Ikea Aims To Reach Israel’s Ultra-Orthodox With A Female-Free Catalog
Swedish furniture retailer Ikea has come under fire in Israel after publishing a catalog without women.
Hoping to appeal to the country’s ultra-Orthodox Jews, the catalog released this month shows men and boys in domestic settings — clad in yarmulke and with side curls. They sit at a Sabbath table, in a study and a living room, artfully arrange tableaux plucked straight from everyday life.
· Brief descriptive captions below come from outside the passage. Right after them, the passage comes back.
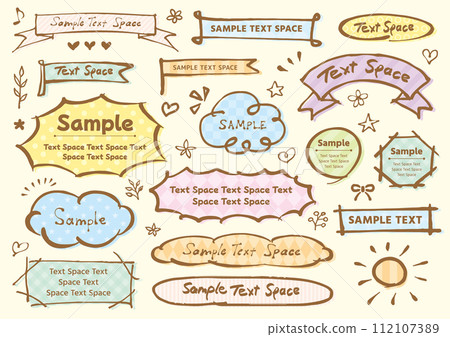 A set of many cute pastel colored frames and decorations drawn with pens. A set of many cute pastel colored frames and decorations drawn with pens. 112107389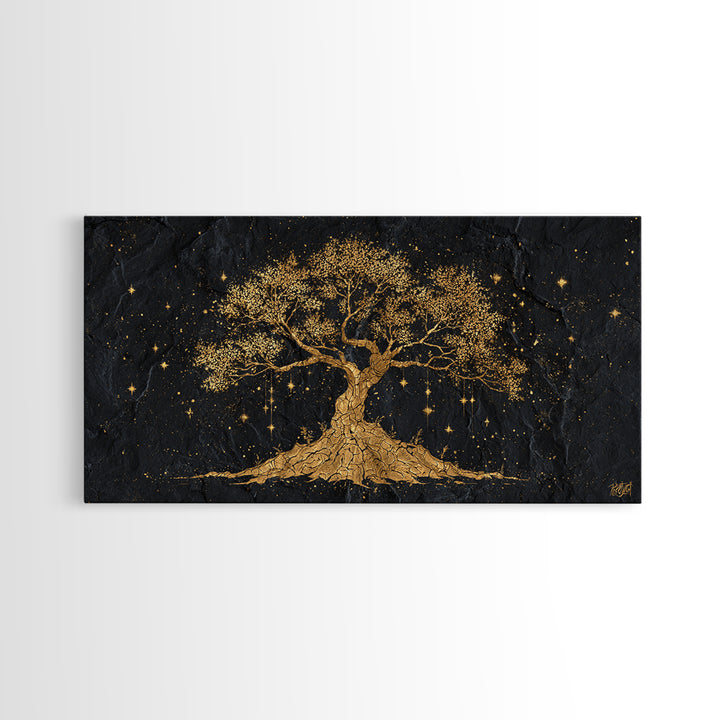 Yggdrasil Canvas Gold Art Canvas Art Norse Tree of Life Nordic Mythology Wall Decor Dad Gift Office Art framed with real wood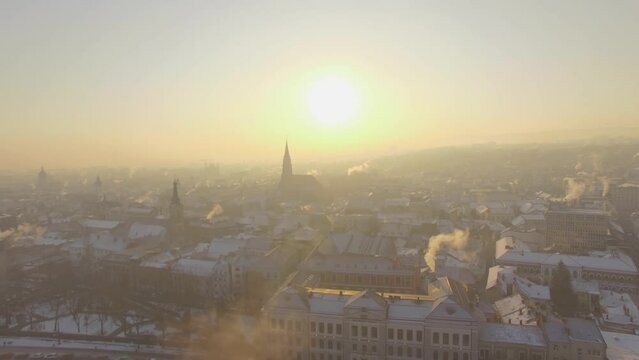 Cluj Napoca morning aerial view, Cluj, Romania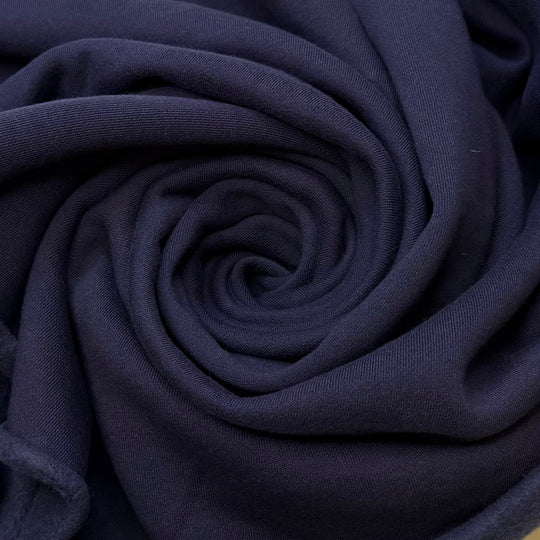 Marine Reindeer - Jersey Fleece Cotton Blend Knit - Navy - 0.6M Bundle - True Deadstock fabric Fabric by private - Sustainable Textile | FABCYCLE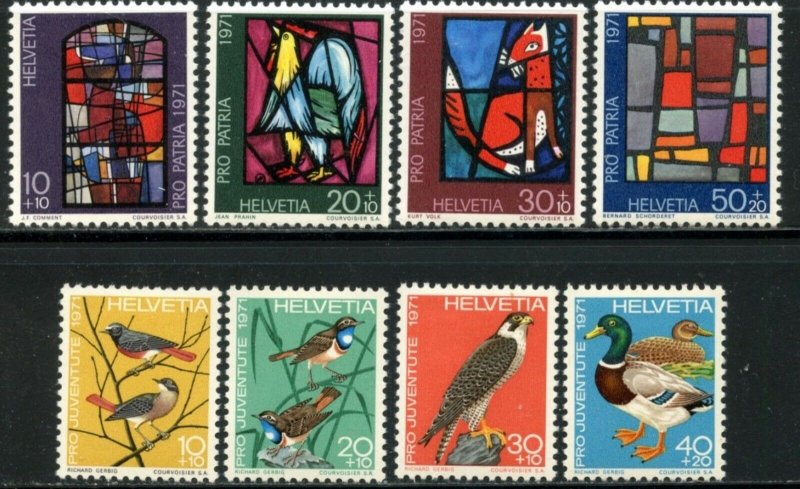 SWITZERLAND Sc#B398-B405 1971 Stained Glass & Birds Two Complete Sets Mint NH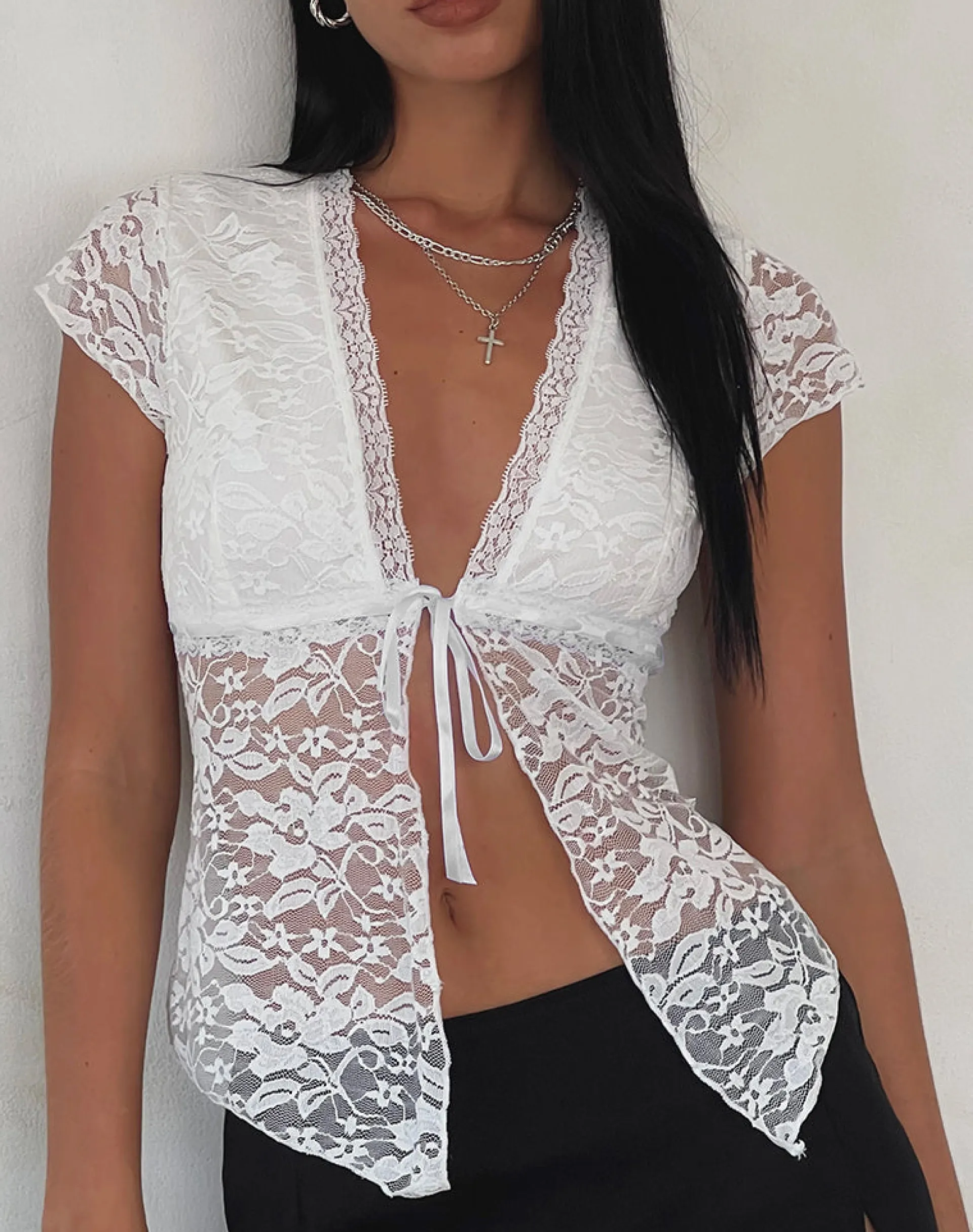 Motel Rocks Lace Tops | Going Out Tops-Lavanya Butterfly Top in Lace White LaceWhite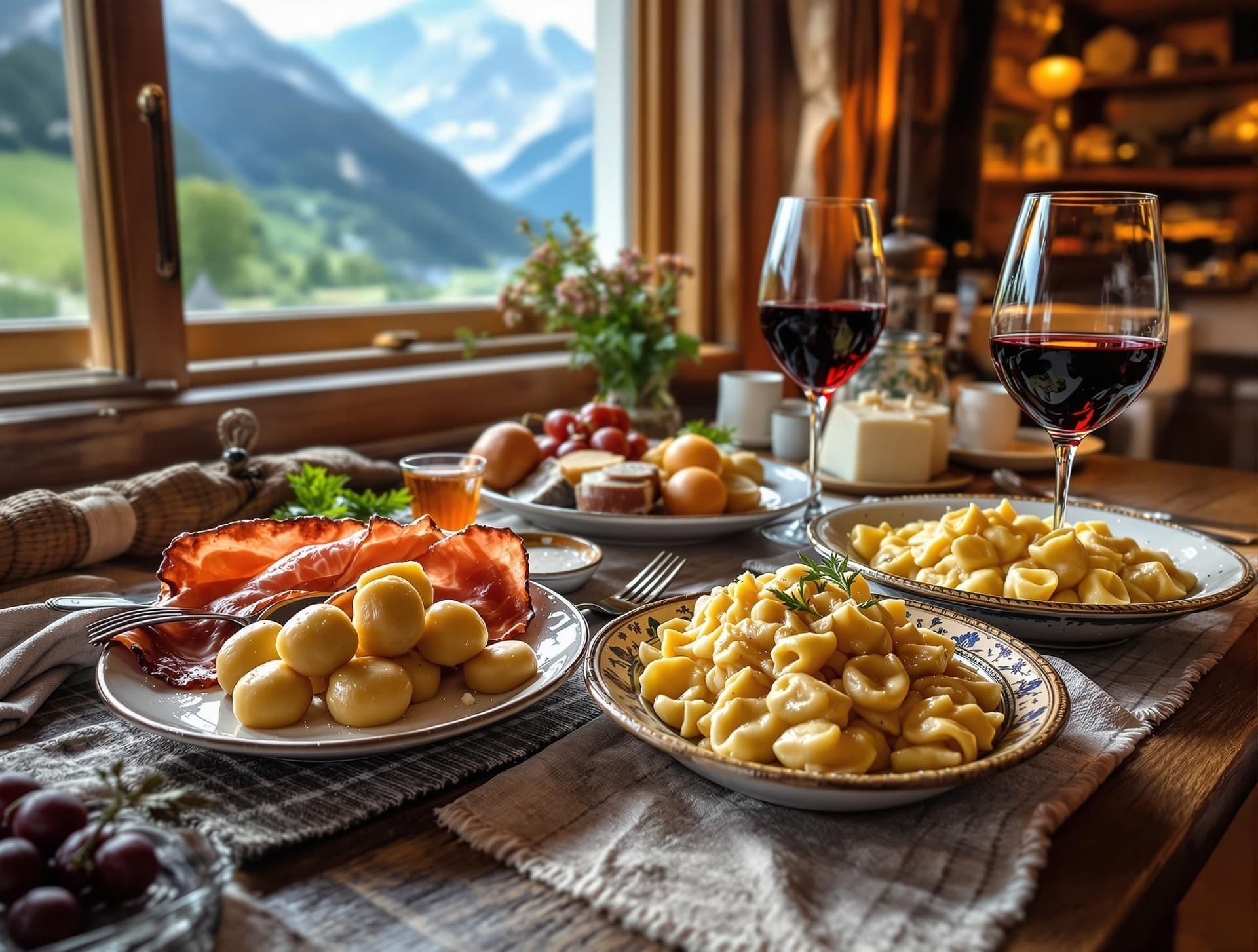 Traditionell sydtyrolsk måltid serverad på ett rustikt träbord, med knödel (canederli), speck (lufttorkad skinka) och lokala ostar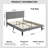 Full Size Dark Grey Velvet Upholstered Platform Bed with Adjustable Headboard, Modern Bed Frame with Wood Slats, No Box Spring Needed-1428527536-1428527537
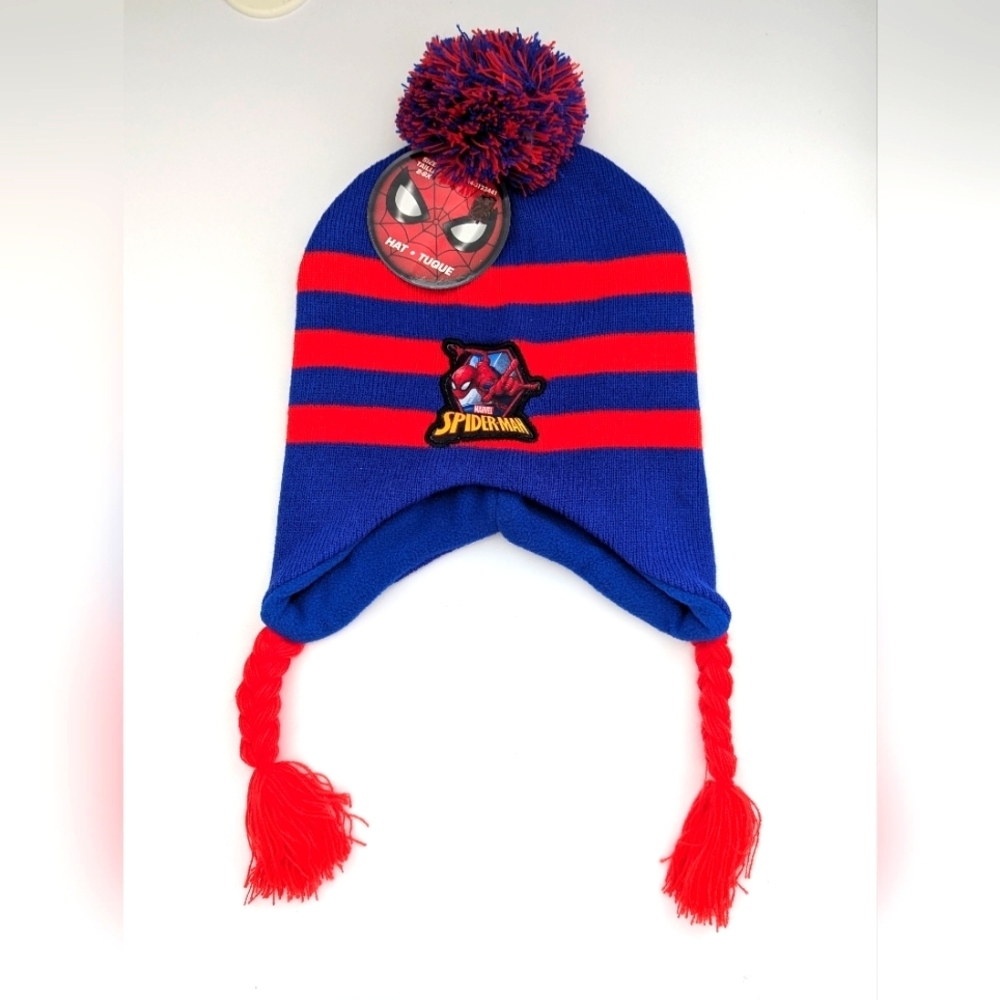 NWT Marvel Spiderman Kids Winter Hat/Chook/ Tuque With Fleece Lining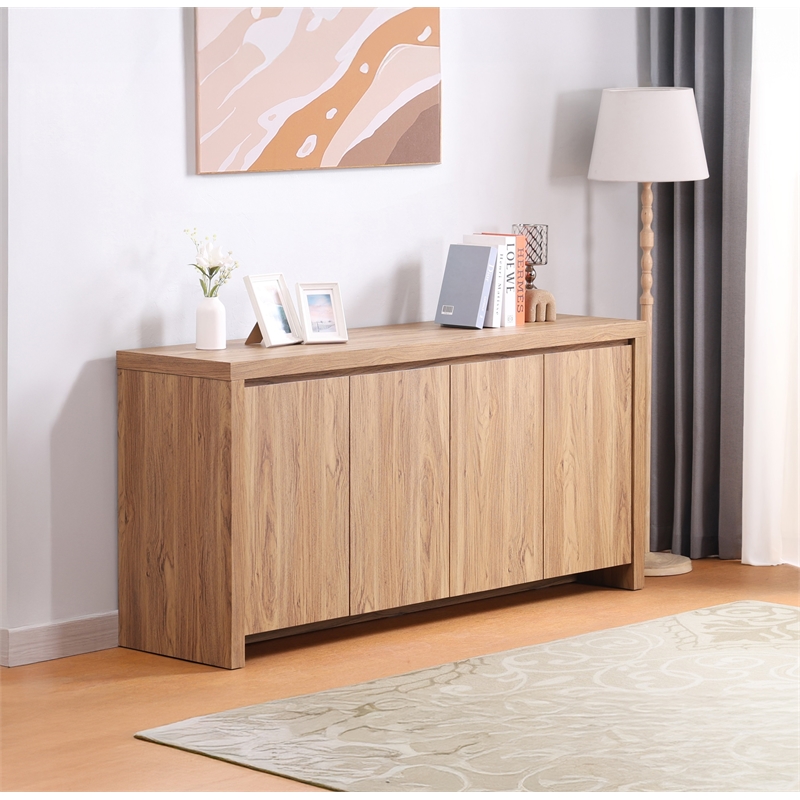 NPD Furniture Larson Buffet/Sideboard 4 Doors in Terra Oak
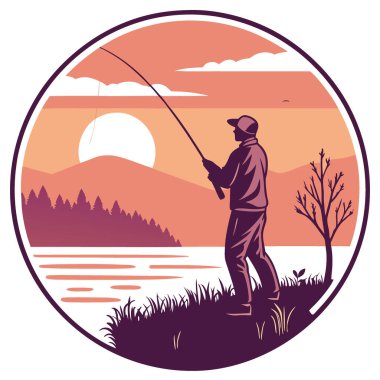 Balıkçı 'nın Alacakaranlığı. Siluetli Balıkçı, Günbatımı Gölü Arkaplan Etiketine Karşı. Yapay zeka üretildi. Vektör simgesi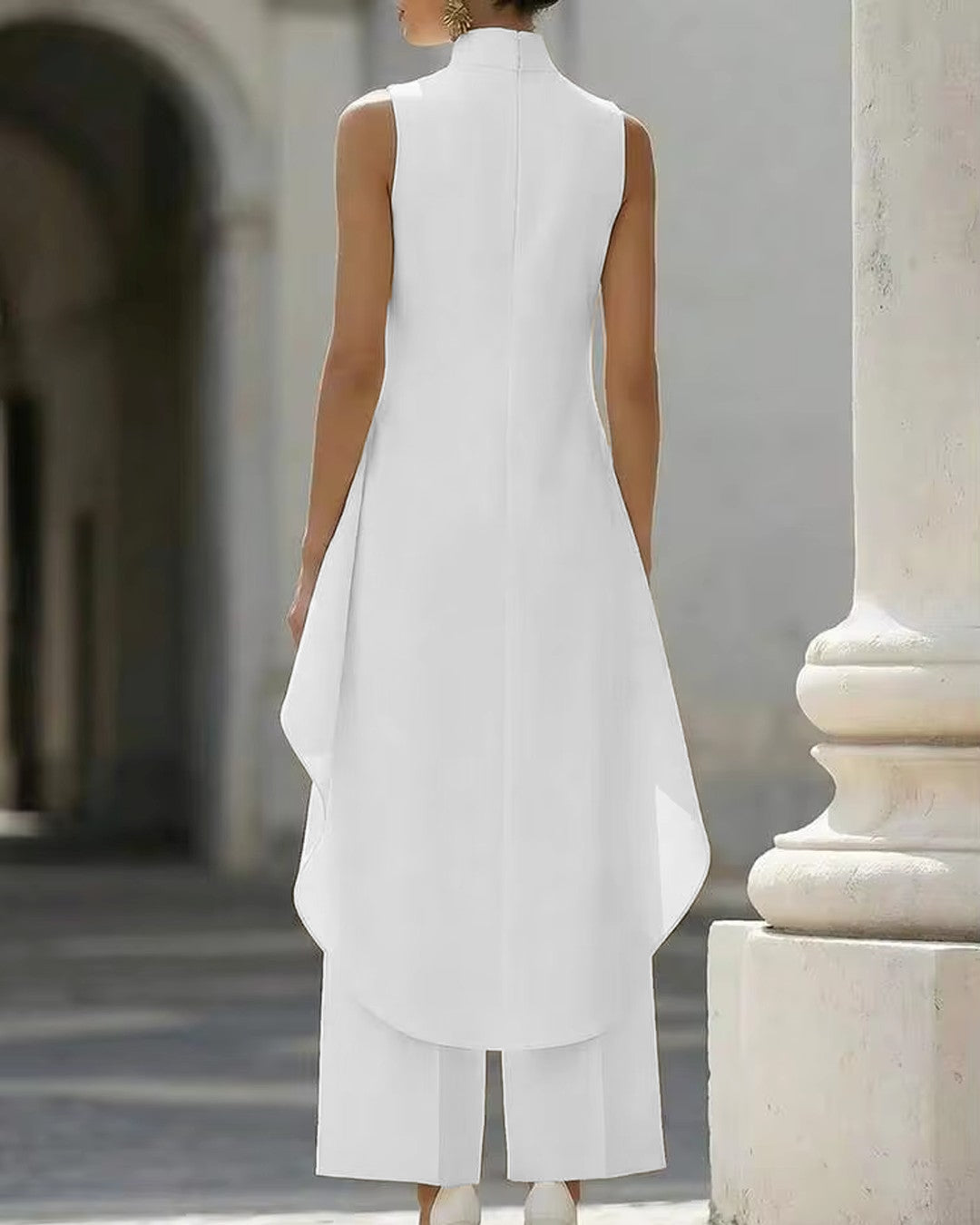 High Neck Asymmetric Top and Wide Leg Trousers Co-Ord Set in Classic White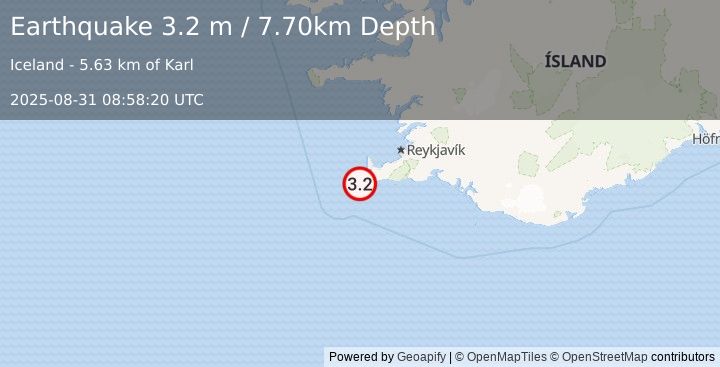 Earthquake ICELAND REGION (3.2 m) (2025-08-31 08:58:20 UTC)
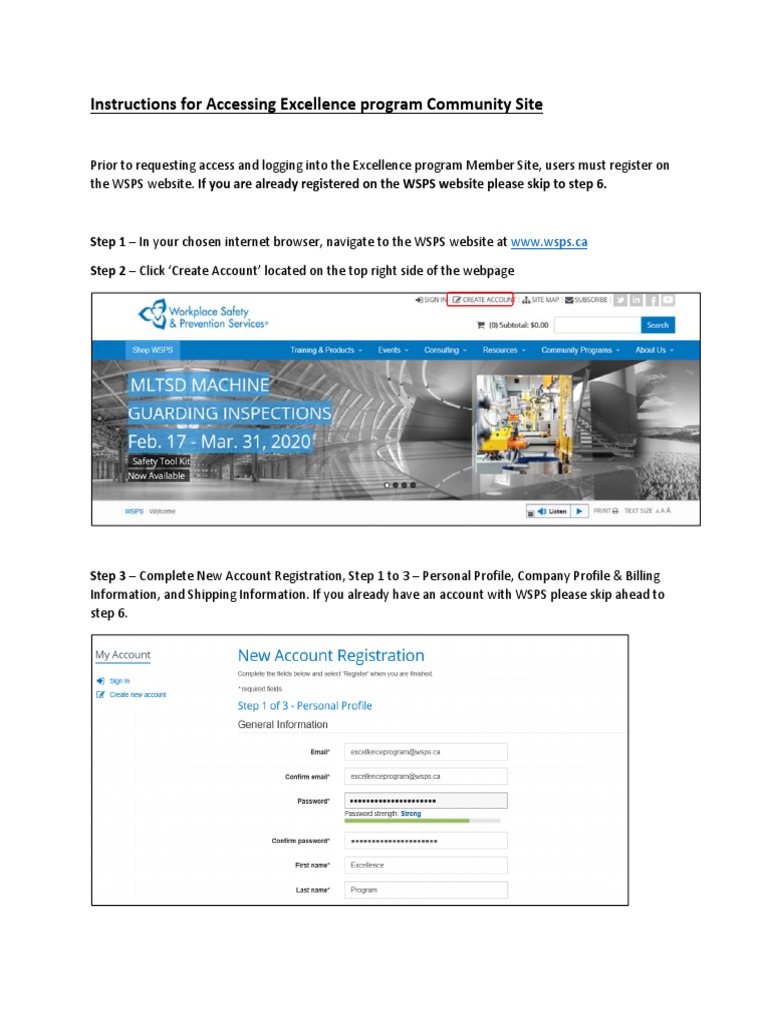 Instructions For Accessing Excellence Program Community Site | PDF ...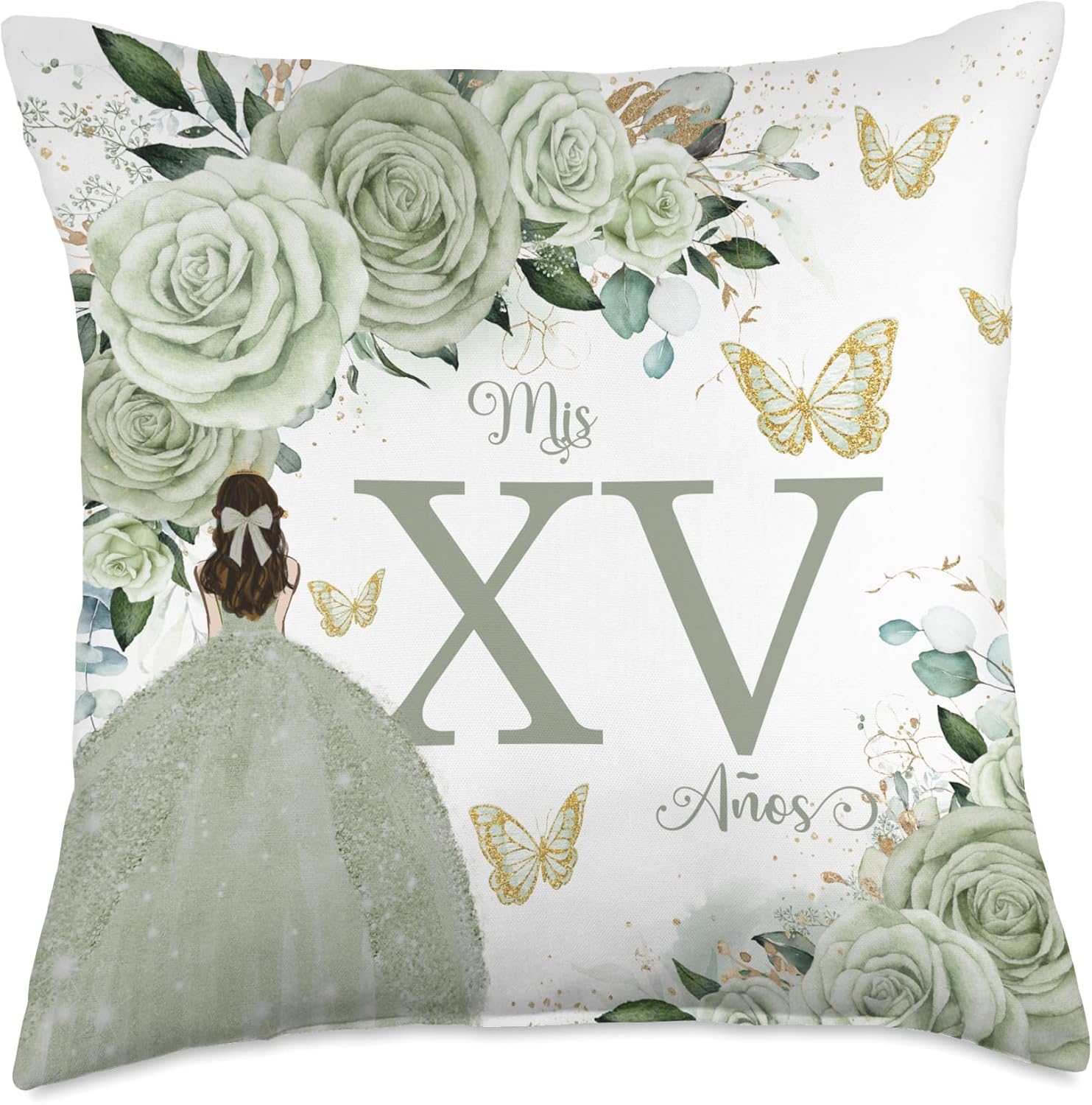 Sage Green Roses Floral Quinceañera Mis XV Años Throw Pillow
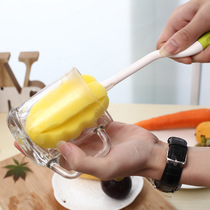 Dingmei long handle plastic cup brush Glass cup brush Sponge cup brush Bottle brush 360 degree rotation cleaning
But there’s no woman or girl in sight.
An odd look to some, but in ultra-Orthodox, or Haredi, circles, it’s common to erase women. Photos of women and girls rarely appear in print. Hillary Clinton, for example, is regularly photoshopped out of Orthodox newspapers.
The catalog sparked anger online.
“Where did the mother go in this picture?” one online commenter asked, according to Times of Israel.
“From the age of three, girls are not allowed in pictures,” another comment read.
Ikea’s retail manager for Israel, Shuky Koblenz, said he regretted the move.
“We realize that people are upset about this and that the publication does not live up to what Ikea stands for and we apologize for this,” Koblenz said in a statement sent to Religion News Service. “We will make sure that future publications will reflect what Ikea stands for and at the same time show respect for Haredi community.”
Haredim make up about 10% of Israel’s total population of about 8.5 million. They buy a lot of furniture as they tend to have large families.
Koblenz said the brochure had been “customized specifically for the Haredi community in an attempt to reach this minority community in Israel with commercial messages.”